You can provide parameters in the factory function:

const createAccount = (initialBalance) => {
  let balance = initialBalance + 10 // Bonus for opening the account
  return {
    . . .
  }
}

You can even capture the parameter variable instead of a local variable:

const createAccount = (balance) => {
  balance += 10 // Bonus for opening the account
  return {
    deposit: amount => {
      balance += amount
    },
    . . .
  }
}

At first glance, this looks like an odd way of producing objects. But these objects have two significant advantages. The state, consisting solely of captured local variables of the factory function, is automatically encapsulated. And you avoid the this parameter, which, as you will see in Chapter 4, is not straightforward in JavaScript.

This technique is sometimes called the “closure pattern” or “factory class pattern,” but I like the term that Douglas Crockford uses in his book How JavaScript Works. He calls them “hard objects.”

Images Note

To further harden the object, you can use the Object.freeze method that yields an object whose properties cannot be modified or removed, and to which no new properties can be added.

const createAccount = (balance) => {
  return Object.freeze({
    deposit: amount => {
      balance += amount
    },
    . . .
  })
}

3.8 Strict Mode

As you have seen, JavaScript has its share of unusual features, some of which have proven to be poorly suited for large-scale software development. Strict mode outlaws some of these features. You should always use strict mode.
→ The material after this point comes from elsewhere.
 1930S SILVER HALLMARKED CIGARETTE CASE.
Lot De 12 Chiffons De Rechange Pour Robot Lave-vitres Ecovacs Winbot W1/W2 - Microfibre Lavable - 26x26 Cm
To enable strict mode, place the line

'use strict'

as the first non-comment line in your file. (Double quotes instead of single quotes are OK, as is a semicolon.)
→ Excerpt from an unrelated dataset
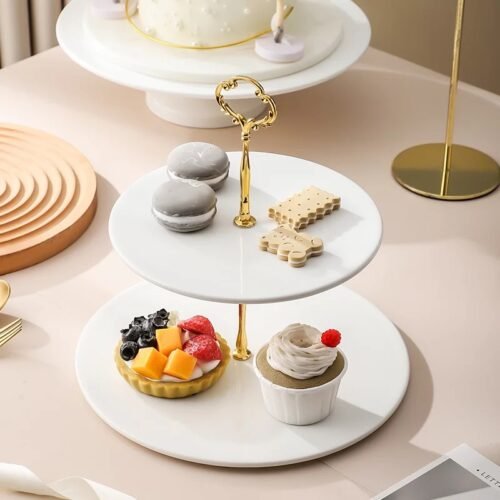 Kitchen Plus Kyla Ceramic 2 tier or 3 tier Cake Stand KP398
If you want to force strict mode in the Node.js REPL, start it with

node --use-strict

Images Note

In a browser console, you need to prefix each line that you want to execute in strict mode with 'use strict'; or 'use strict' followed by Shift+Enter. That is not very convenient.

You can apply strict mode to individual functions:

function strictInASeaOfSloppy() {
  'use strict'
  . . .
}

There is no good reason to use per-function strict mode with modern code. Apply strict mode to the entire file.

Finally, strict mode is enabled inside classes (see Chapter 4) and ECMAScript modules (see Chapter 10).

For the record, here are the key features of strict mode:

  • Assigning a value to a previously undeclared variable is an error and does not create a global variable. You must use let, const, or var for all variable declarations.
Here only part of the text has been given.